In the Latin community, the quinceanera is a significant celebration that honors a girls 15th birthday and her transition into womanhood. The word "Quinceañera" comes from the Spanish word "quince" for fifteen and "años", which means "years". When the Spanish conquered the Aztecs in 1521 and both native and catholic traditions came together, the age of 15 became a time of decision for young women. The young quinceañera was required to make a choice: to devote her life to the church or to marry.
Like most celebrations, the extent to which the Quinceañera is celebrated has as much to do with social class and family status as the individual wishes of the birthday girl. But there are some aspects that are common to all Quinceañeras. The Quinceañera has two parts—the mass and the fiesta—and both events are filled with symbolic moments. For the ceremony in the church, the fifteen year old girl most of the times comes with seven to eight young couples, symbolizing the number fifteen. Two little kids are chosen to carry the pillows. The boy carries a pillow with the shoes, her first high heels, and the little girl carries a heart-shaped pillow with the crown.

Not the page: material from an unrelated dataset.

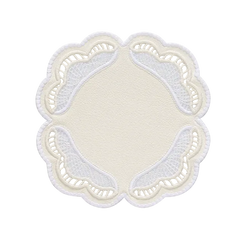 Oyster Faux Leather Coasters, Set of 2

The most symbolic act during the Quinceañera is the changing of the shoes. The girl’s father switches her shoes, from the flats she arrived in, to the high heels she will leave in. At the fiesta, the father dances with his daughter and then the mother takes her and dances with her until they get to the make-believe throne. The mother puts the crown on her head, and when the girl is sitting, the father comes and takes off her sandals and puts on the high heels and they proceed to dance again.
There are many ways to celebrate a quinceañera. No matter which way you choose to celebrate, the day generally includes almost all of the following common aspects: a religious ceremony, a beautiful dress, a court of young gentlemen to escort her, a large party — formal or informal — lots of family, friends, food, dancing and always a first waltz with her father.